+++ Data records

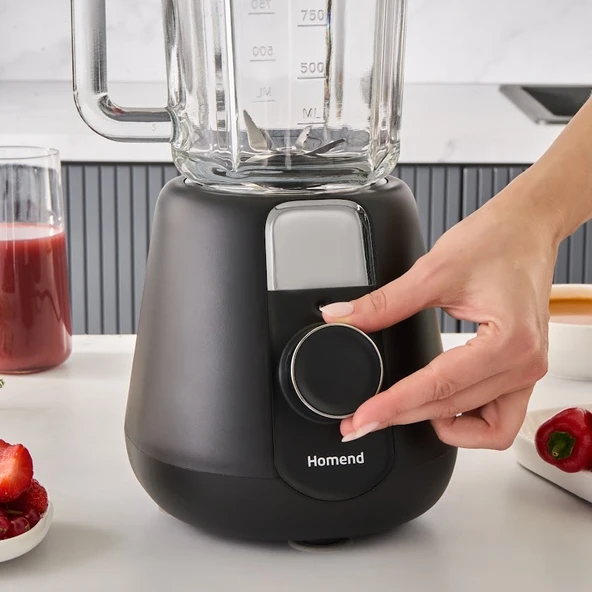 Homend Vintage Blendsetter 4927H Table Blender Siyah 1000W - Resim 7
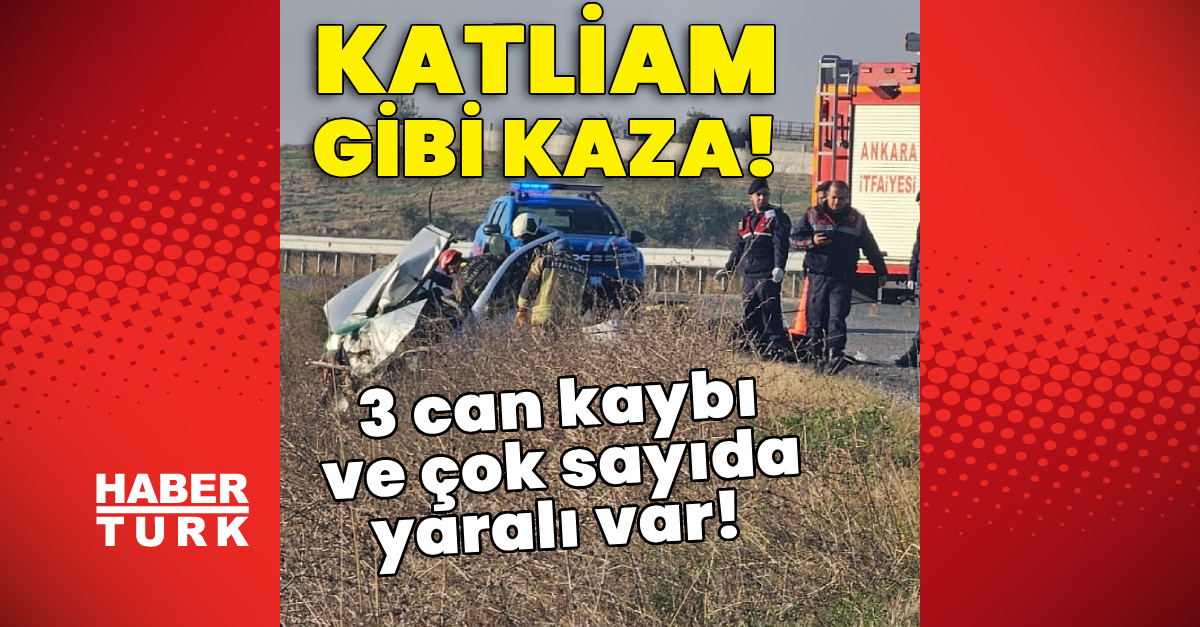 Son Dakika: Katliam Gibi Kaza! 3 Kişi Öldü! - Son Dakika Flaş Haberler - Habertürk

++++++
+++ Data records

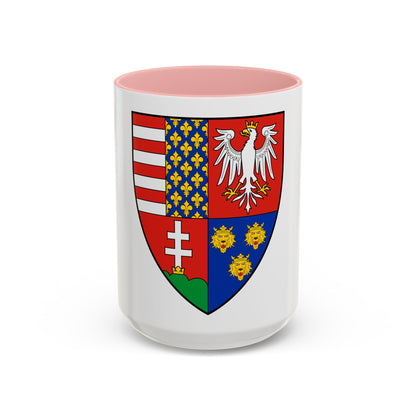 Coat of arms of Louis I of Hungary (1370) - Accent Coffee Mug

++++++

Task item:
Set down exactly the lines above, from the line containing "Homend Vintage Blendsetter" through the line containing "Son Dakika: Katliam". Skip the pictures.

Written reply:
 Homend Vintage Blendsetter 4927H Table Blender Siyah 1000W - Resim 7
 Son Dakika: Katliam Gibi Kaza! 3 Kişi Öldü! - Son Dakika Flaş Haberler - Habertürk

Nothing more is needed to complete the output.